Distinguisher D is similar to hybrid $j$, in that the nodes in the first $j$ layers are assigned completely random labels. When evaluating along a particular path through $v_{j-1}^{L}$, rather than labeling the two children by applying $G$ to its label, it simply splits the input $y$ into two strings $y_{0...n}$,$y_{n+1...2n}$. If $y$ is truly random, $D$ is identical to hybrid $j+1$. If $y=G(s)$ for some random seed $s$, then $D$ simulates hybrid $j$.{#distinguisherd width=80% }

We can now describe our distinguisher $D$ (see distinguisherd{.ref}) for the pseudorandom generator. On input a string $y\in{0,1}^{2n}$ $D$ will run $A$ and the $j^{th}$ oracle inside its belly with one difference- when the time comes to label the $j^{th}$ node, instead of doing this by applying the pseudorandom generator to the label of its parent $v$ (which is what should happen in the $j^{th}$ oracle) it uses its input $y$ to label the two children of $v$.

Now, if $y$ was completely random then we get exactly the distribution of the $j+1^{st}$ oracle, and hence in this case $D$ simulates internally the $j+1^{st}$ hybrid.

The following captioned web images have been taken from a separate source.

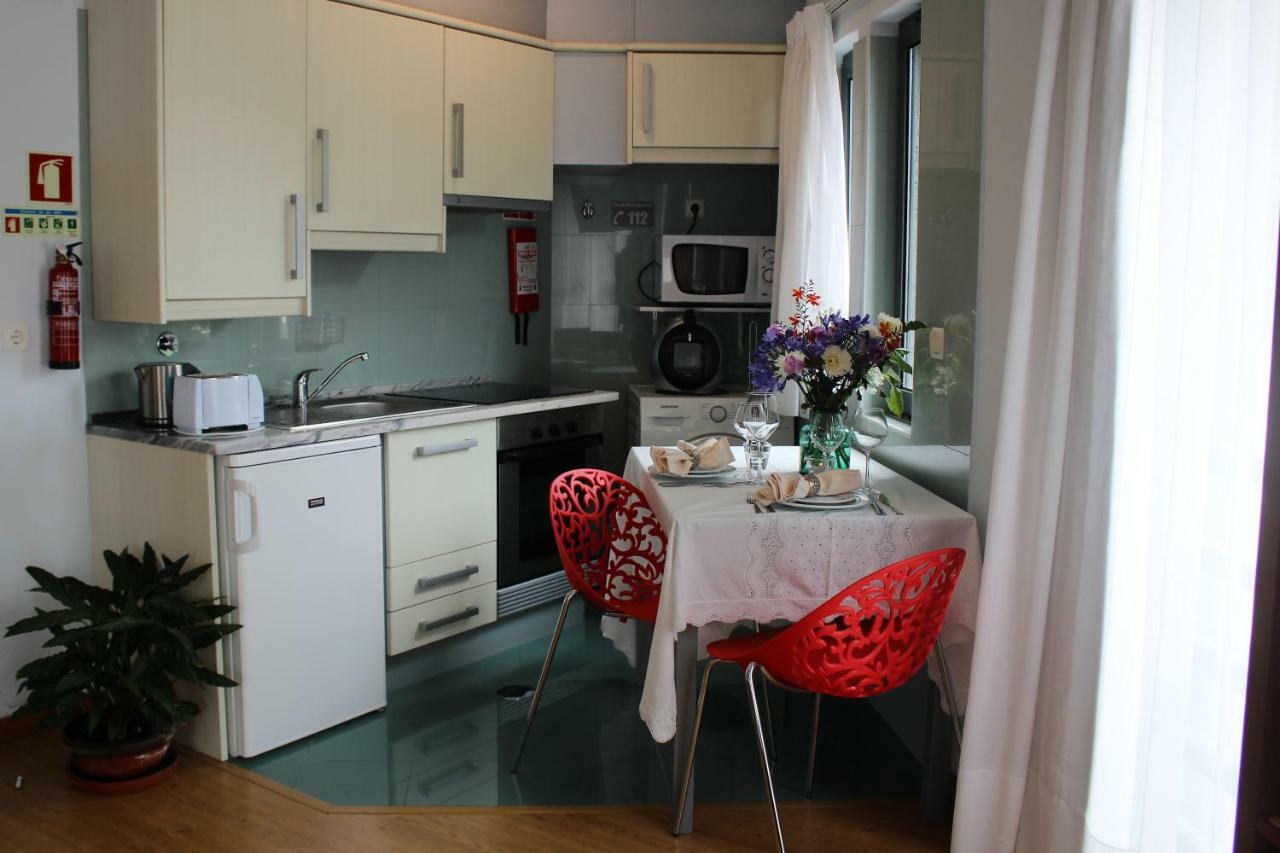 Anthero Quental Boutique Apartment Ponta Delgada Buitenkant foto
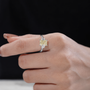10k White Gold, 14k White Gold, 18k White Gold, Platinum
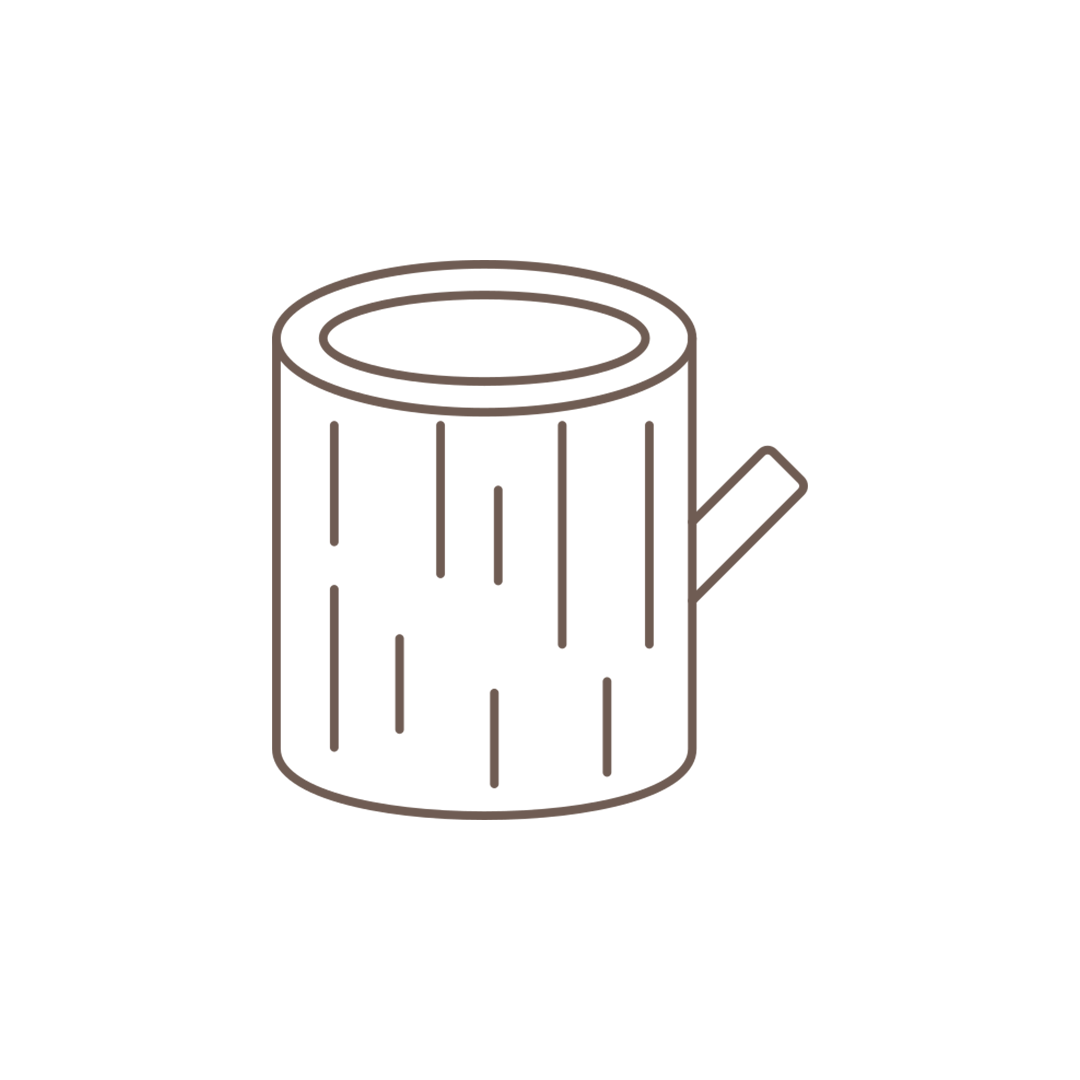 Natural Teakwood icon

However, if $y=G(s)$ for some randomly sampled $s\in{0,1}^n$, though it may not be obvious at first, we actually get the distribution of the $j^{th}$ oracle.

The equivalence between hybrid $j$ and distinguisher $D$ under the condition that $y=G(s)$ is non obvious, because in hybrid $j$, the label for the children of $v_{j-1}^{L}$ was supposed to be the result of applying the pseudorandom generator to the label of $v_{j-1}^{L}$ and not to some other random string (see distinguisherd{.ref}). However, because $v$ was labeled before the $j^{th}$ step then we know that it was actually labeled by a random string. Moreover, since we use lazy evaluation we know that step $j$ is the first time where we actually use the value of the label of $v$. Hence, if at this point we resampled this label and used a completely independent random string $s$ then the distribution of $v_{j-1}^{L}$ and $s$ would be identical.

The key observations here are:

  1. The output of $A$ does not directly depend on the internal labels, but only on the labels of the leaves (since those are the only values returned by the oracle).

  2. The label for an internal vertex $v$ is only used once, and that is for generating the labels for its children.

Hence the distribution of $y=G(s)$, for $s$ drawn from $U_n$, is identical to the distribution, $G(v_{j-1}^{L})$, of the $j^{th}$ hybrid, and thus if $A$ had advantage $\epsilon$ in breaking the PRF ${ f_s }$ then $D$ will have advantage $\epsilon/T'$ in breaking the PRG $G$ thus obtaining a contradiction. :::

{.remark title="PRF's in practice" #prfpracticerem}

While this construction reassures us that we can rely on the existence of pseudorandom functions even on days where we remember to take our meds, this is not the construction people use when they need a PRF in practice because it is still somewhat inefficient, making $n$ calls to the underlying pseudorandom generators. There are constructions (e.g., HMAC) based on hash functions that require stronger assumptions but can use as few as two calls to the underlying function. We will cover these constructions when we talk about hash functions and the random oracle model. One can also obtain practical constructions of PRFs from block ciphers, which we'll see later in this lecture.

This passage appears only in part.